[Crawled caption data]
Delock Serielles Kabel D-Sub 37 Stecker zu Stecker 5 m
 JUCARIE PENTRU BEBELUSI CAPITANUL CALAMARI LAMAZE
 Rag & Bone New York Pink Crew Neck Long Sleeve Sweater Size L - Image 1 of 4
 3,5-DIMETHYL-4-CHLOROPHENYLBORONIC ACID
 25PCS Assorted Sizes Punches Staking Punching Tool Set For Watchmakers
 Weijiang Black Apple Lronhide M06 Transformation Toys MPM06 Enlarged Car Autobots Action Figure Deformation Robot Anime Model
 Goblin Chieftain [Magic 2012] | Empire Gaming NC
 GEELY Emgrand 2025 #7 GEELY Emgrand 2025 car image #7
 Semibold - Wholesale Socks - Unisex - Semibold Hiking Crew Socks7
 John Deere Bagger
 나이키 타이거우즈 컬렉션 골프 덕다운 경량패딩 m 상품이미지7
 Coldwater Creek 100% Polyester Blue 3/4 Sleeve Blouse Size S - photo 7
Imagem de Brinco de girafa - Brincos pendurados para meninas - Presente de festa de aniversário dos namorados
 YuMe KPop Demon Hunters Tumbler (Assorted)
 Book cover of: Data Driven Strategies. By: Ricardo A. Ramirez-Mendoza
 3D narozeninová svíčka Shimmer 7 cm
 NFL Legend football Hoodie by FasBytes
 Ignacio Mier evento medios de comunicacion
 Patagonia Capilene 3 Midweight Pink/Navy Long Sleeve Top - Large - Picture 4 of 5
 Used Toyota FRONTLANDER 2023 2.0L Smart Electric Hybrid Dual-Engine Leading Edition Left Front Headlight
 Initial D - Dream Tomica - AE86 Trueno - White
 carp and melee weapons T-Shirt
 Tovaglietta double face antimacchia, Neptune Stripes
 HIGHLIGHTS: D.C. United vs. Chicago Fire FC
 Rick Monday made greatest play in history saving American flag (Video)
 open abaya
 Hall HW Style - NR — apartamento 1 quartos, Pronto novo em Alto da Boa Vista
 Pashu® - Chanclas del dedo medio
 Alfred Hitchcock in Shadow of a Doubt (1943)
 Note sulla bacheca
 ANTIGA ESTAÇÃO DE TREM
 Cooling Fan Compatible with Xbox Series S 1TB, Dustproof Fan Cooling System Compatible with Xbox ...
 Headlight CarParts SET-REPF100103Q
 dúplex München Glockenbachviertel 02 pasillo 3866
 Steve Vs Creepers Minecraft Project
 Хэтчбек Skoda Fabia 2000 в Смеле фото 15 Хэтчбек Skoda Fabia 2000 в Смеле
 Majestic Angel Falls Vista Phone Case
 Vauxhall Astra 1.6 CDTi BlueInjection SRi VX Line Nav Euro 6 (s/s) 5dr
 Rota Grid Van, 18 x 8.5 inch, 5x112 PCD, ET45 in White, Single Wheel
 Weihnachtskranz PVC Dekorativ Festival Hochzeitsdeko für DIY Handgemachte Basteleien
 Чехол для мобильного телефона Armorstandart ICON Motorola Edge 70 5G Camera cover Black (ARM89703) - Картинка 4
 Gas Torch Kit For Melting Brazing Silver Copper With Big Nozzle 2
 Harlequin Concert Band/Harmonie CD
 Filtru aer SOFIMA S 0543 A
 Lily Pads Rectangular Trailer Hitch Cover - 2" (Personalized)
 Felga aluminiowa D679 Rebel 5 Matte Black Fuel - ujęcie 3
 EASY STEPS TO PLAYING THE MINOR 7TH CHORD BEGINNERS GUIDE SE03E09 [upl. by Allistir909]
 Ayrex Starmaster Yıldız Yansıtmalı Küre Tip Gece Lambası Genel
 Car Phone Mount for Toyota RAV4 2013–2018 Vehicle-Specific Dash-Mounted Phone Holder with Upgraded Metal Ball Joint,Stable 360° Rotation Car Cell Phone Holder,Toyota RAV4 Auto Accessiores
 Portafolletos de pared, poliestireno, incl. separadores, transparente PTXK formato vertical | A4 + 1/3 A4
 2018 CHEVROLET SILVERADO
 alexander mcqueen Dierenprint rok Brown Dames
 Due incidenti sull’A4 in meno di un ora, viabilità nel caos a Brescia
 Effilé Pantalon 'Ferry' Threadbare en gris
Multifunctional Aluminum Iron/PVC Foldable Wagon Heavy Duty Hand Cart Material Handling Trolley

[Task details]: Give back the complete data, each line unchanged.

[Response box]:
Delock Serielles Kabel D-Sub 37 Stecker zu Stecker 5 m
 JUCARIE PENTRU BEBELUSI CAPITANUL CALAMARI LAMAZE
 Rag & Bone New York Pink Crew Neck Long Sleeve Sweater Size L - Image 1 of 4
 3,5-DIMETHYL-4-CHLOROPHENYLBORONIC ACID
 25PCS Assorted Sizes Punches Staking Punching Tool Set For Watchmakers
 Weijiang Black Apple Lronhide M06 Transformation Toys MPM06 Enlarged Car Autobots Action Figure Deformation Robot Anime Model
 Goblin Chieftain [Magic 2012] | Empire Gaming NC
 GEELY Emgrand 2025 #7 GEELY Emgrand 2025 car image #7
 Semibold - Wholesale Socks - Unisex - Semibold Hiking Crew Socks7
 John Deere Bagger
 나이키 타이거우즈 컬렉션 골프 덕다운 경량패딩 m 상품이미지7
 Coldwater Creek 100% Polyester Blue 3/4 Sleeve Blouse Size S - photo 7
Imagem de Brinco de girafa - Brincos pendurados para meninas - Presente de festa de aniversário dos namorados
 YuMe KPop Demon Hunters Tumbler (Assorted)
 Book cover of: Data Driven Strategies. By: Ricardo A. Ramirez-Mendoza
 3D narozeninová svíčka Shimmer 7 cm
 NFL Legend football Hoodie by FasBytes
 Ignacio Mier evento medios de comunicacion
 Patagonia Capilene 3 Midweight Pink/Navy Long Sleeve Top - Large - Picture 4 of 5
 Used Toyota FRONTLANDER 2023 2.0L Smart Electric Hybrid Dual-Engine Leading Edition Left Front Headlight
 Initial D - Dream Tomica - AE86 Trueno - White
 carp and melee weapons T-Shirt
 Tovaglietta double face antimacchia, Neptune Stripes
 HIGHLIGHTS: D.C. United vs. Chicago Fire FC
 Rick Monday made greatest play in history saving American flag (Video)
 open abaya
 Hall HW Style - NR — apartamento 1 quartos, Pronto novo em Alto da Boa Vista
 Pashu® - Chanclas del dedo medio
 Alfred Hitchcock in Shadow of a Doubt (1943)
 Note sulla bacheca
 ANTIGA ESTAÇÃO DE TREM
 Cooling Fan Compatible with Xbox Series S 1TB, Dustproof Fan Cooling System Compatible with Xbox ...
 Headlight CarParts SET-REPF100103Q
 dúplex München Glockenbachviertel 02 pasillo 3866
 Steve Vs Creepers Minecraft Project
 Хэтчбек Skoda Fabia 2000 в Смеле фото 15 Хэтчбек Skoda Fabia 2000 в Смеле
 Majestic Angel Falls Vista Phone Case
 Vauxhall Astra 1.6 CDTi BlueInjection SRi VX Line Nav Euro 6 (s/s) 5dr
 Rota Grid Van, 18 x 8.5 inch, 5x112 PCD, ET45 in White, Single Wheel
 Weihnachtskranz PVC Dekorativ Festival Hochzeitsdeko für DIY Handgemachte Basteleien
 Чехол для мобильного телефона Armorstandart ICON Motorola Edge 70 5G Camera cover Black (ARM89703) - Картинка 4
 Gas Torch Kit For Melting Brazing Silver Copper With Big Nozzle 2
 Harlequin Concert Band/Harmonie CD
 Filtru aer SOFIMA S 0543 A
 Lily Pads Rectangular Trailer Hitch Cover - 2" (Personalized)
 Felga aluminiowa D679 Rebel 5 Matte Black Fuel - ujęcie 3
 EASY STEPS TO PLAYING THE MINOR 7TH CHORD BEGINNERS GUIDE SE03E09 [upl. by Allistir909]
 Ayrex Starmaster Yıldız Yansıtmalı Küre Tip Gece Lambası Genel
 Car Phone Mount for Toyota RAV4 2013–2018 Vehicle-Specific Dash-Mounted Phone Holder with Upgraded Metal Ball Joint,Stable 360° Rotation Car Cell Phone Holder,Toyota RAV4 Auto Accessiores
 Portafolletos de pared, poliestireno, incl. separadores, transparente PTXK formato vertical | A4 + 1/3 A4
 2018 CHEVROLET SILVERADO
 alexander mcqueen Dierenprint rok Brown Dames
 Due incidenti sull’A4 in meno di un ora, viabilità nel caos a Brescia
 Effilé Pantalon 'Ferry' Threadbare en gris
Multifunctional Aluminum Iron/PVC Foldable Wagon Heavy Duty Hand Cart Material Handling Trolley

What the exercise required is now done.